The delivered goods shall remain the property of the provider until full payment has been made.

§ 5 Prices and Shipping Costs

(1) All prices stated on the provider’s website include the applicable statutory value-added tax.

(2) The corresponding shipping costs are indicated to the customer in the order form and are to be borne by the customer, unless the customer exercises their right of withdrawal.

(3) The goods are shipped by postal delivery. The shipping risk is borne by the provider if the customer is a consumer.

(4) In the event of a withdrawal, the customer shall bear the direct costs of returning the goods.

§ 6 Payment Terms

(1) The customer may make payment by credit card or PayPal.

(2) The customer may change the payment method stored in their user account at any time.

(3) Payment of the purchase price is due immediately upon conclusion of the contract. If the due date for payment is determined by the calendar, the customer shall already be in default by failing to meet the deadline. In this case, the customer shall pay the provider default interest in the amount of 5 percentage points above the base interest rate per year.

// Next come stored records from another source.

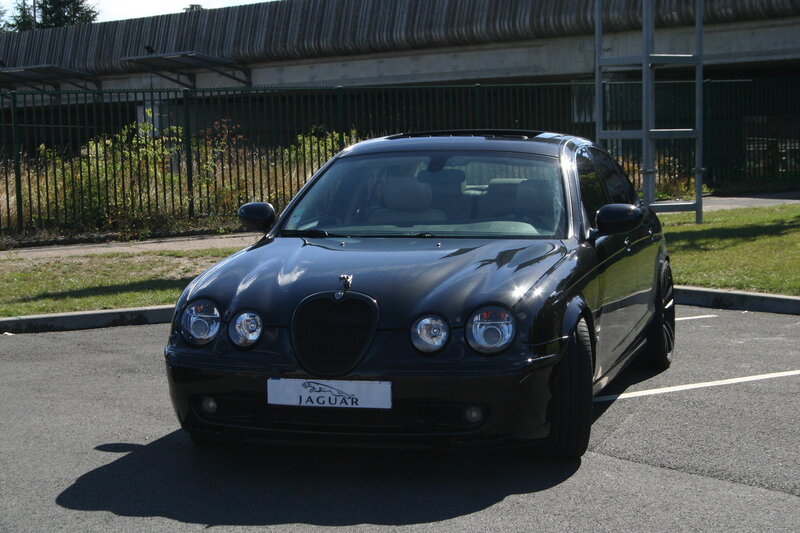 Black Jaguar Car — Neutral
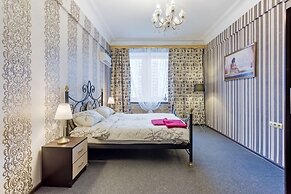 Apartment on Smolenskiy bulevard 3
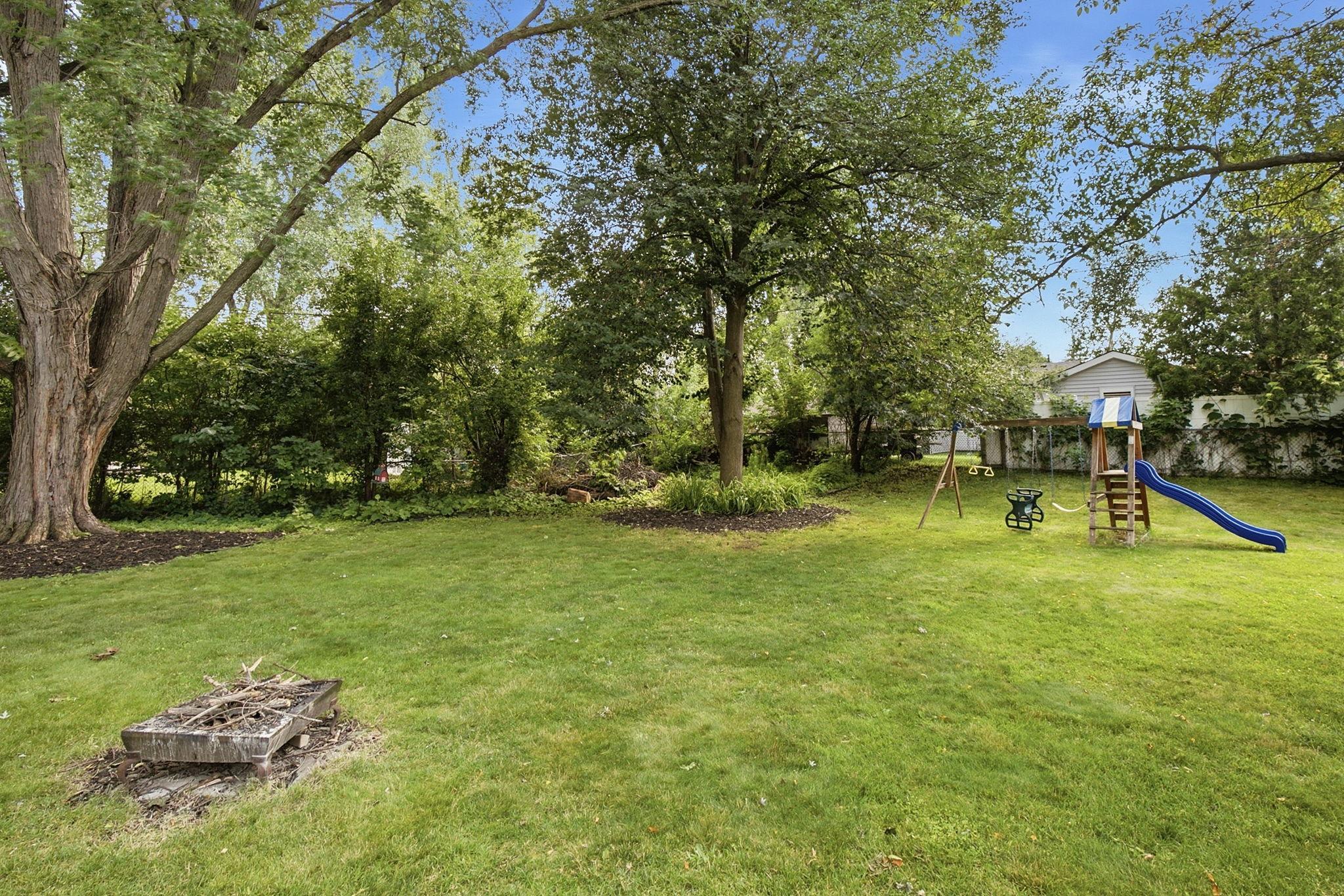 View of Residential at 172 Strese Circle, Apple Valley MN 55124, Apple Valley (40 of 43) - Mike Wilen | Minnesota Team Real Estate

(4) The obligation of the customer to pay default interest does not exclude the assertion of further damages caused by default by the provider.

§ 7 Warranty for Defects, Guarantee

(1) The provider is liable for material defects in accordance with the applicable statutory provisions, in particular §§ 434 et seq. of the German Civil Code (BGB). Towards entrepreneurs, the warranty period for goods delivered by the provider is 12 months.

(2) An additional guarantee for the goods delivered by the provider exists only if this was expressly stated in the order confirmation for the respective item.

§ 8 Liability

(1) Claims of the customer for damages are excluded. Excluded from this are claims for damages by the customer arising from injury to life, body, or health, or from the breach of essential contractual obligations (cardinal obligations), as well as liability for other damages resulting from an intentional or grossly negligent breach of duty by the provider, its legal representatives, or vicarious agents. Essential contractual obligations are those whose fulfillment is necessary to achieve the purpose of the contract.

(2) In the event of a breach of essential contractual obligations, the provider shall only be liable for the typical, foreseeable damage if this was caused by simple negligence, unless it concerns claims for damages by the customer arising from injury to life, body, or health.

(3) The limitations of liability resulting from paragraphs 1 and 2 also apply in favor of the legal representatives and vicarious agents of the provider if claims are asserted directly against them.

(4) The limitations of liability resulting from paragraphs 1 and 2 shall not apply insofar as the provider has fraudulently concealed the defect or assumed a guarantee for the quality of the goods. The same applies insofar as the provider and the customer have reached an agreement regarding the quality of the goods. The provisions of the Product Liability Act remain unaffected.

§ 9 Right of Withdrawal

Consumers generally have a statutory right of withdrawal when concluding a distance selling contract, about which the provider informs them below in accordance with the statutory model.

Right of Withdrawal

You have the right to withdraw from this contract within fourteen days without giving any reason. The withdrawal period shall be fourteen days from the day on which you or a third party designated by you, who is not the carrier, took possession of the goods. To exercise your right of withdrawal, you must inform us (2M Solutions GmbH, represented by the managing directors Moritz Gresser and Marcel Wahl, Römerstraße 11, 88255 Baienfurt, Email: info@solutions-2m.com) of your decision to withdraw from this contract by means of a clear statement (e.g. a letter sent by post or email). You may use the attached model withdrawal form for this purpose, but this is not mandatory. To meet the withdrawal deadline, it is sufficient that you send the notification of the exercise of the right of withdrawal before the withdrawal period expires.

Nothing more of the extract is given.